- [EXERCISE AIM]: Quote, word for word, the line containing "India's Political Influence" and all lines that follow it to the end of the records, with no pictures.

- [Caption-style text data]:
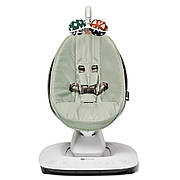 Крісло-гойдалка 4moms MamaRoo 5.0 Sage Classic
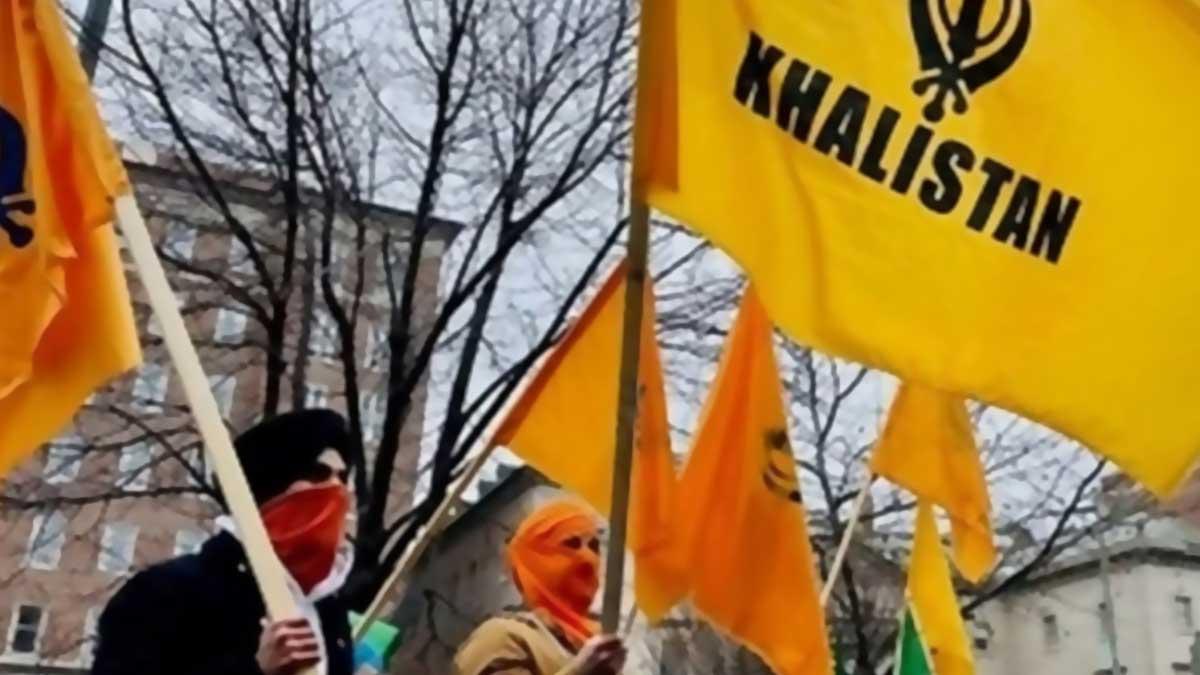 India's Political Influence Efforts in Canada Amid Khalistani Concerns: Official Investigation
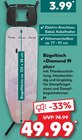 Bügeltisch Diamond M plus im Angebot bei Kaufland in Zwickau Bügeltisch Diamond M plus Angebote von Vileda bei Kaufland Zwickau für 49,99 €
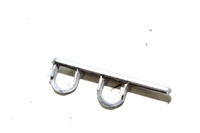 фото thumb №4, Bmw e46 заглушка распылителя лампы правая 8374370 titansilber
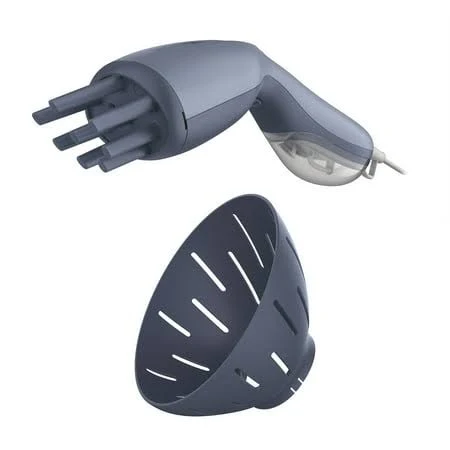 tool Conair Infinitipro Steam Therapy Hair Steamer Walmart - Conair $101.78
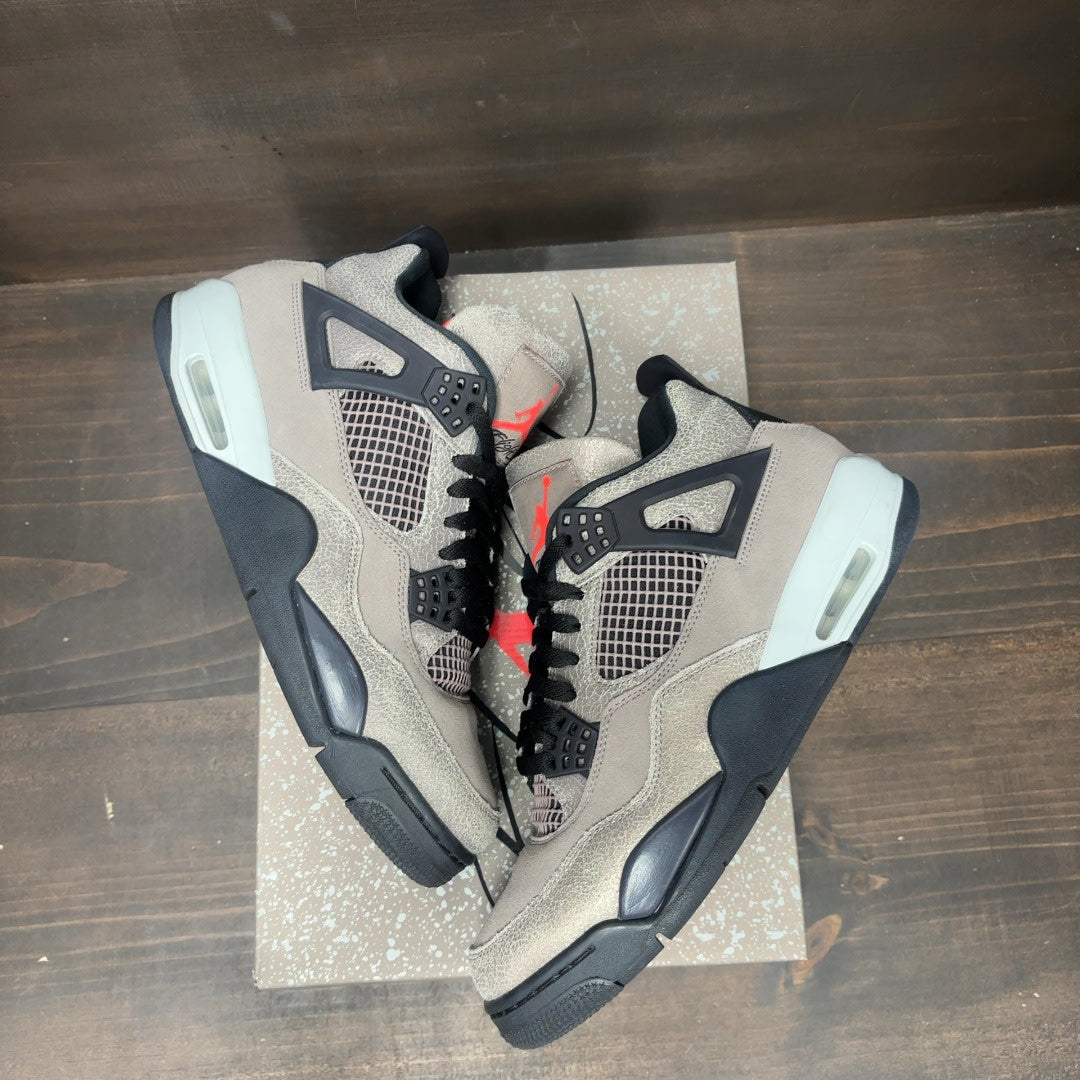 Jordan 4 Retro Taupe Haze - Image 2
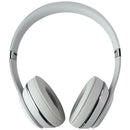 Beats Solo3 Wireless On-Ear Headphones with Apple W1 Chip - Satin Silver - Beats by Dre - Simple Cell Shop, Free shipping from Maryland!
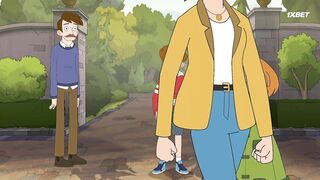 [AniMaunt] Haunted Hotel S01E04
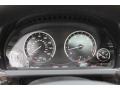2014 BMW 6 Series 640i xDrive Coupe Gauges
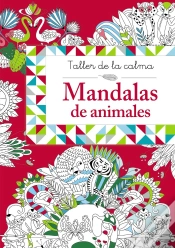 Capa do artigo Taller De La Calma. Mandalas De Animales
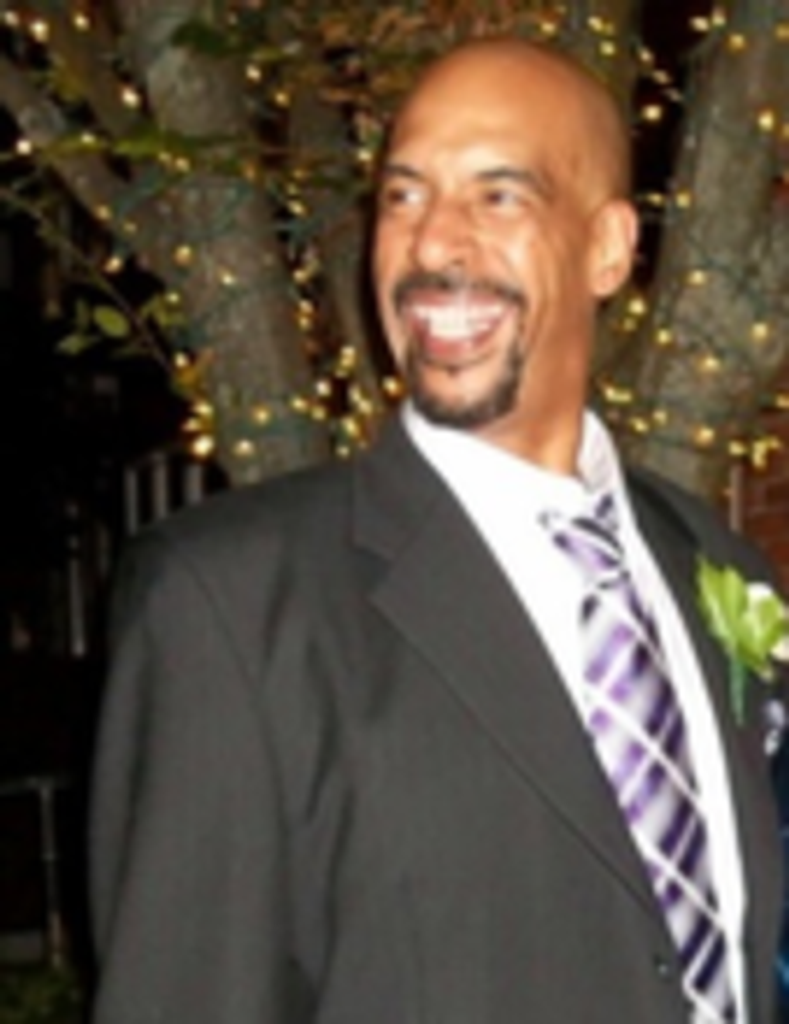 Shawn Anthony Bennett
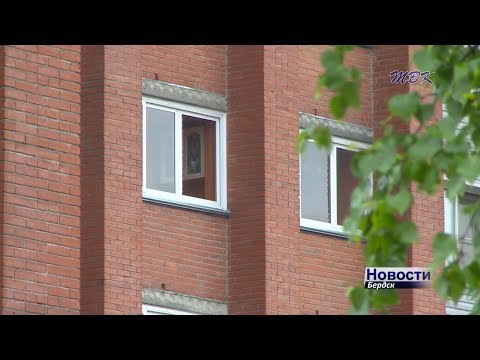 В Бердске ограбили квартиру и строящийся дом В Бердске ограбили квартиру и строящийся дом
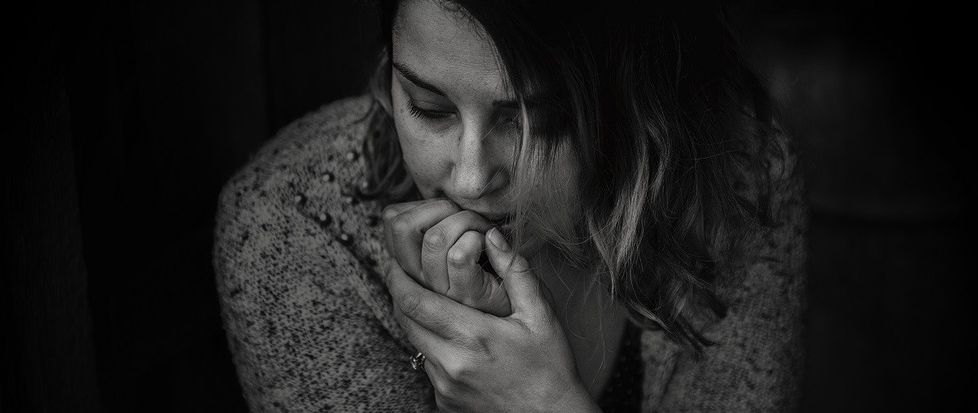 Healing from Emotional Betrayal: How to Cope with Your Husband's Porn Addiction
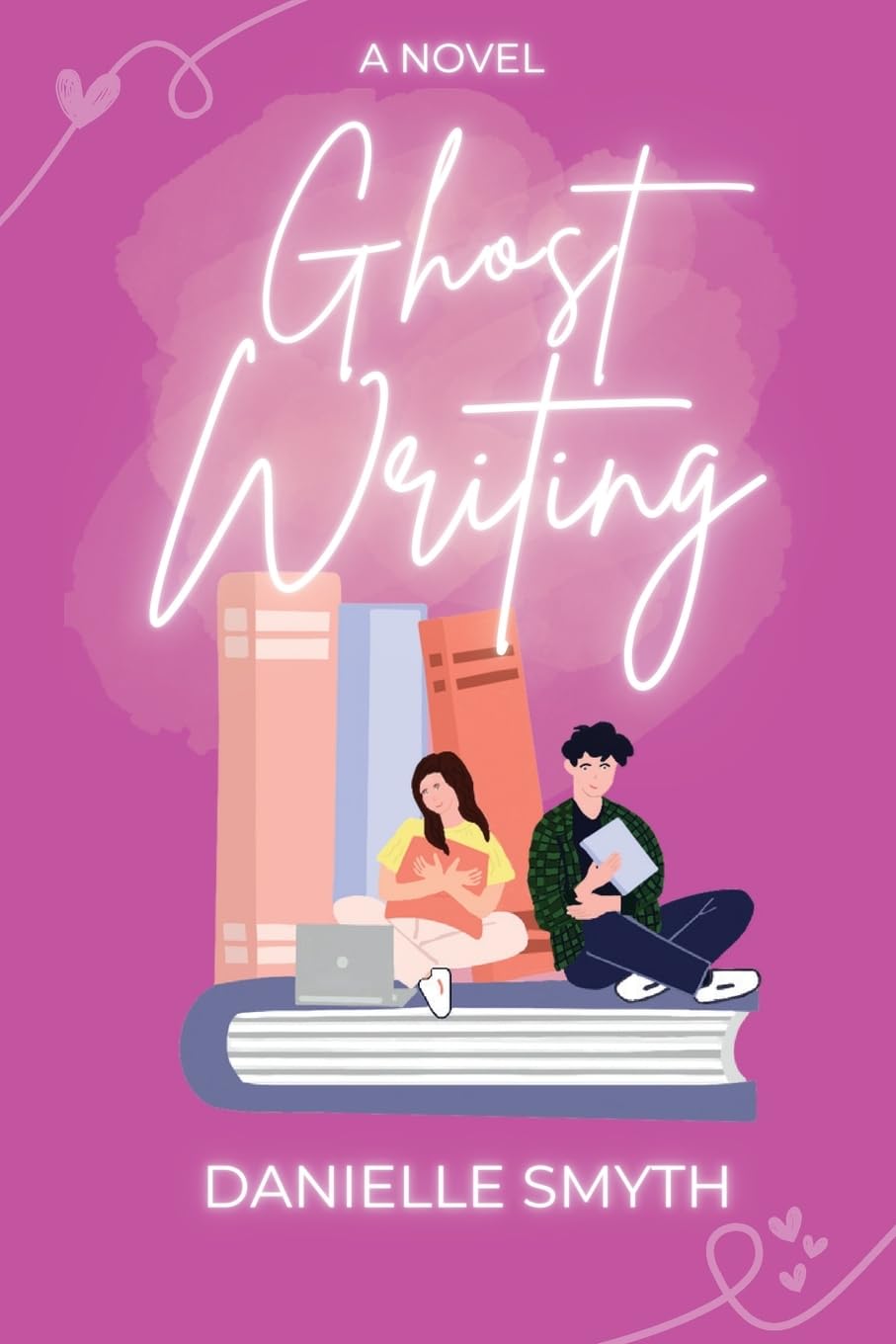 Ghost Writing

- [TASK ANSWER]:
 India's Political Influence Efforts in Canada Amid Khalistani Concerns: Official Investigation
 Bügeltisch Diamond M plus im Angebot bei Kaufland in Zwickau Bügeltisch Diamond M plus Angebote von Vileda bei Kaufland Zwickau für 49,99 €
 фото thumb №4, Bmw e46 заглушка распылителя лампы правая 8374370 titansilber
 tool Conair Infinitipro Steam Therapy Hair Steamer Walmart - Conair $101.78
 Jordan 4 Retro Taupe Haze - Image 2
 Beats Solo3 Wireless On-Ear Headphones with Apple W1 Chip - Satin Silver - Beats by Dre - Simple Cell Shop, Free shipping from Maryland!
 [AniMaunt] Haunted Hotel S01E04
2014 BMW 6 Series 640i xDrive Coupe Gauges
 Capa do artigo Taller De La Calma. Mandalas De Animales
 Shawn Anthony Bennett
 В Бердске ограбили квартиру и строящийся дом В Бердске ограбили квартиру и строящийся дом
 Healing from Emotional Betrayal: How to Cope with Your Husband's Porn Addiction
 Ghost Writing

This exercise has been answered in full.